Yields rose 14 basis points this week, the most since the five days ended Sept. 6. They last completed a four-day rally on Dec. 27.
The probability that the Fed will raise its benchmark overnight rate to at least 0.5 percent by the end of January 2015 increased to 15.4 percent today from 12.4 percent yesterday and from 10.3 percent a month ago, fed funds futures prices show.
Investors should “sell what the Fed has been buying because they won’t be buying them when Taper ends in Oct.,” Gross, manager of the $243 billion Total Return Fund at Pacific Investment Management Co., wrote in a comment on Twitter.
The Fed bought $1.225 billion of Treasuries yesterday due from November 2039 and August2042 under its quantitative-easing stimulus strategy to hold down borrowing costs and fuel economic growth. The central bank will purchase as much as $2.75 billion in notes on March 10, maturing from May 2021 to Feb. 2024.
In its December “Strategy Spotlight,” Pimco wrote that the Fed’s plans to keep interest rates low were more important than its decision to taper its bond purchase, and as such Pimco’s funds would bet on the shorter-term debt while pulling back from five-, 10- and 30-year exposures.
The 10-year yield is still below the 2014 high of 3.05 percent reached Jan. 2. The five-year average is 2.7 percent. The extra yield 10-year notes offer over G-7 peers climbed as high as 59 basis points, the most since April 2010.
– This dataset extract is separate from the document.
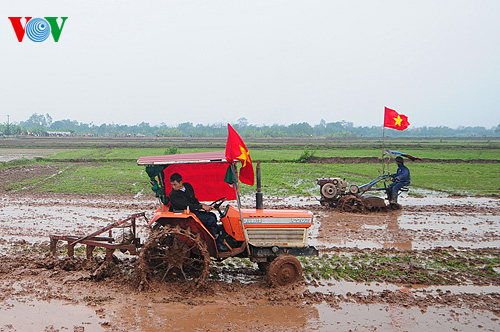 ベトナム農業発展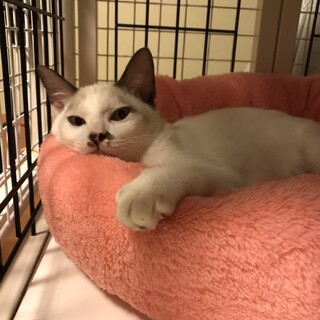 シャムっぽ模様のみんみんちゃん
Hedge-fund managers and other large speculators decreased their net-long position in 30-year bond futures in the week ending March 4 to the least since December, according to U.S. Commodity Futures Trading Commission data. Bets prices will rise outnumbered short positions by 16,858 contracts on the Chicago Board of Trade, the smallest since Dec. 27.
Net-long positions fell by 30,425 contracts, or 64 percent, from a week earlier, the Washington-based commission said.
Investors increased their net-short position in 10-year note futures, with speculative short positions outnumbering long positions by 101,370 contracts. Net-short positions rose by 88,403 contracts, or 682 percent, from a week earlier.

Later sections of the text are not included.